Mutation in WWOX gene cause severe neurological disorder with epileptic encephalopathy, west syndrome and psychomotor retardation


2nd International Conference on Epilepsy & Treatment

October 20-21, 2016 Rome, Italy

Jehan Suleiman

Tawam Hospital, UAE

Scientific Tracks Abstracts: J Neurol Disord

Abstract :

Genetic testing including next generation sequencing have been increasingly used in the diagnosis of children with neurological disorders, including severe epilepsies and epileptic encephalopathy, intellectual disability and unexplained motor disorders. Here we report two pediatric cases from different consanguineous Emirati families.

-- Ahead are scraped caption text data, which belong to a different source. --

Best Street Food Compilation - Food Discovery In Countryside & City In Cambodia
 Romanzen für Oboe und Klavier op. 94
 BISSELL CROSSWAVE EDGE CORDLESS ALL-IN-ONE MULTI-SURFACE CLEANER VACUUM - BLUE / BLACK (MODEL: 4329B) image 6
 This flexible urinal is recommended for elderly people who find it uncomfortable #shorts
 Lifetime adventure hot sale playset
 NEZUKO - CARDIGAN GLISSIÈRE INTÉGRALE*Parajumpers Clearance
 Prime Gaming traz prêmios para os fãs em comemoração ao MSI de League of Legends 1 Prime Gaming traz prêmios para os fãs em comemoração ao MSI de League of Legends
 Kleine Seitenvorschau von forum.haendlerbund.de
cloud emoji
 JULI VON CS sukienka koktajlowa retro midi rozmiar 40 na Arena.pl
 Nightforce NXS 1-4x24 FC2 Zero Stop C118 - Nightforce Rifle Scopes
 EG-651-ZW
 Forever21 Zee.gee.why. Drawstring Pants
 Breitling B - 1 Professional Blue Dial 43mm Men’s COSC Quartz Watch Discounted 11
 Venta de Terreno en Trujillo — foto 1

They both had early onset global developmental delay, quadriplegia and growth restriction. In addition, they both had epileptic encephalopathy and West syndrome. Case one had microcephaly and optic atrophy but normal MRI, while case two had cortical malformation in the form of polymicrogyria. Case two also had ventilator dependency and respiratory failure. Homozygous mutations involving the WWOX gene were found on whole exome sequencing in both cases (deletion affecting exons 3 to 4 in case one, and splice-site mutation c.606-1G>A in case two). Parents were heterozygous for the involved mutations, which confirm an autosomal recessive pattern of inheritance. WWOX is a cytoplasmic protein involved in many cellular processes including growth, differentiation and tumor suppression. WWOX mutations are reported in different human cancers. More recently WWOX mutations were described in a few cases with spino-cerebellar ataxia associated with epilepsy and mental retardation, a case of severe syndrome of growth retardation, microcephaly, epileptic seizures, optic atrophy, retinopathy and early death, a case of spasticity microcephaly seizures optic atrophy and psychomotor retardation, which is very similar to our 2 cases. The findings in our patients expand the phenotype associated with WWOX genetic abnormalities and confirm previous associations with microcephaly spasticity psychomotor retardation seizures and more importantly as a gene associated with epileptic encephalopathy and West Syndrome.

Biography :

Jehan Suleiman is a Consultant Pediatric Neurologist at Tawam Hospital in UAE, and Assistant Professor at the UAE University. She is the Founder of Emirati Pediatric Neurology Network. She completed her training at the Children Hospital at Westmead in Sydney, Australia. She holds the Fellowship of Royal Australasian College of Physicians in Pediatric and Pediatric Neurology. She has completed her PhD in Medicine from the University of Sydney in the area of Autoimmune Epilepsy. She has many leading publications in this field in high impact journals. She is invited as a speaker to many national and international conferences. Her clinical and research areas of interest include neuroimmunology, complex epilepsy and neurogenetics.

Email: [email protected]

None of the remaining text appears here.